Dismissing objections by several parties, the Mumbai bench of NCLT on Monday admitted two petitions to merge Reliance Communications with Aircel and another regarding the sale of RCom’s tower business to Brookfield Infrastructure.
Dismissing objections by several parties, the Mumbai bench of the National Company Law Tribunal (NCLT) on Monday admitted two petitions to merge Reliance Communications (RCom) with Aircel and another regarding the sale of RCom’s tower business to Brookfield Infrastructure. The tribunal said it will hear the case on September 13. The development saw the RCom stock rallying on the BSE by as much as 18.8% during the day, ending at Rs 24.10, up 16.4% from its previous close.
Objectors to RCom’s merger plans included operational creditors to the company like Chennai Network Infrastructure (CNIL) — a GTL subsidiary — Ericsson and Bharti Infratel. Even the department of telecommunications (DoT) had said that the merger needed to be first cleared by the Supreme Court since it is hearing a case against Aircel’s Malaysian promoters in an alleged corruption matter.
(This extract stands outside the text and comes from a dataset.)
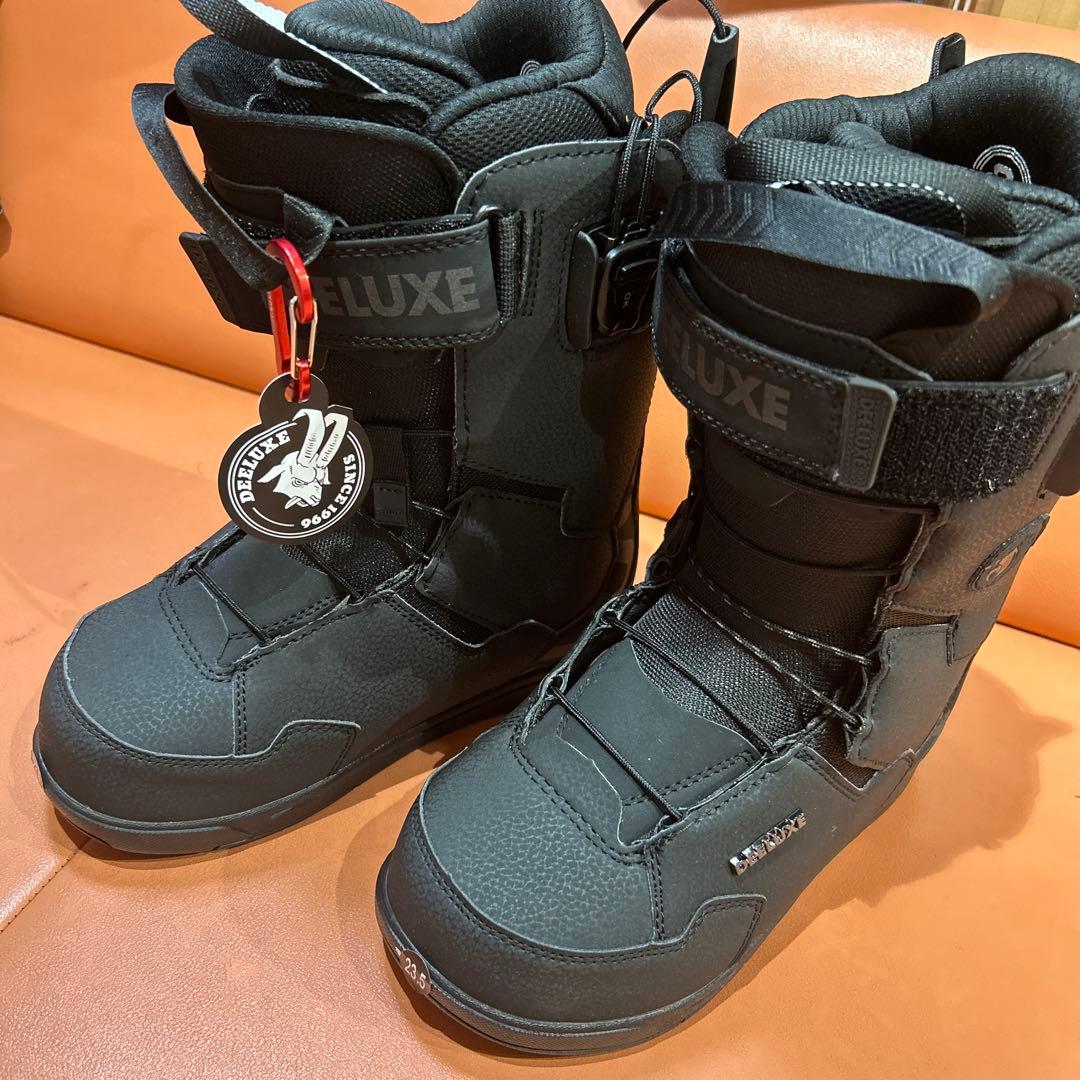 み*る様 22-23 DEELUXE Team ID Lara 23.5cm 新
In the affidavit filed before the NCLT, Beni Chatterjee, counsel for DoT, cited a Supreme Court order dated January 6, 2017, which had restrained Aircel from “earning of any revenue by using the 2G spectrum licences which were originally granted” to the telco.
The merger and tower sale, if they happen, will result in a substantial debt reduction for RCom. The telco had told lenders that it would reduce its debt by about 60% through the sale of its tower business and via the merger with Aircel. The company plans to repay Rs 11,000 crore of its Rs 45,000-crore debt from the proceeds of the sale of a majority stake in its tower business to Brookfield. Another Rs 14,000 crore of debt will move from RCom’s books to the joint venture with Aircel.
Sources added that RCom plans to service the yearly interest payments of around Rs 1,500 crore on the remaining debt from an expected revenue of Rs 8,000 crore following the merger and the sale.
It may be recalled that a clutch of financial creditors (secured and unsecured) had objected to the tower sale and merger of RCom and Aircel alleging a meeting of creditors had not been convened by RCom and that their approval had not been sought.
On its part, RCom, citing a Mumbai NCLT order dated March 15, said the court had granted it some dispensation. However, objectors responded saying the order had been misinterpreted by RCom. RCom had informed the court on July 27 that it does not intend to call a meeting of creditors as it believed it was not necessary. While China Development Bank(CDB), Standard Chartered Bank and HSBC Daisy
Investments had initially objected the petitions, they later consented to the merger proposal being admitted to the court on certain conditions. RCom owes the Chinese lender close to Rs 9,000 crore. The telco’s gross debt stood at Rs 45,000 crore in FY17, of which the company owes domestic lenders Rs 25,000 crore. RCom has received the approval for the merger from the Securities and Exchange Board of India and is awaiting a nod from the NCLT. According to the merger terms, both RCom and Aircel’s controlling firm Maxis Communications will hold an equal stake of 50% each in the merged entity.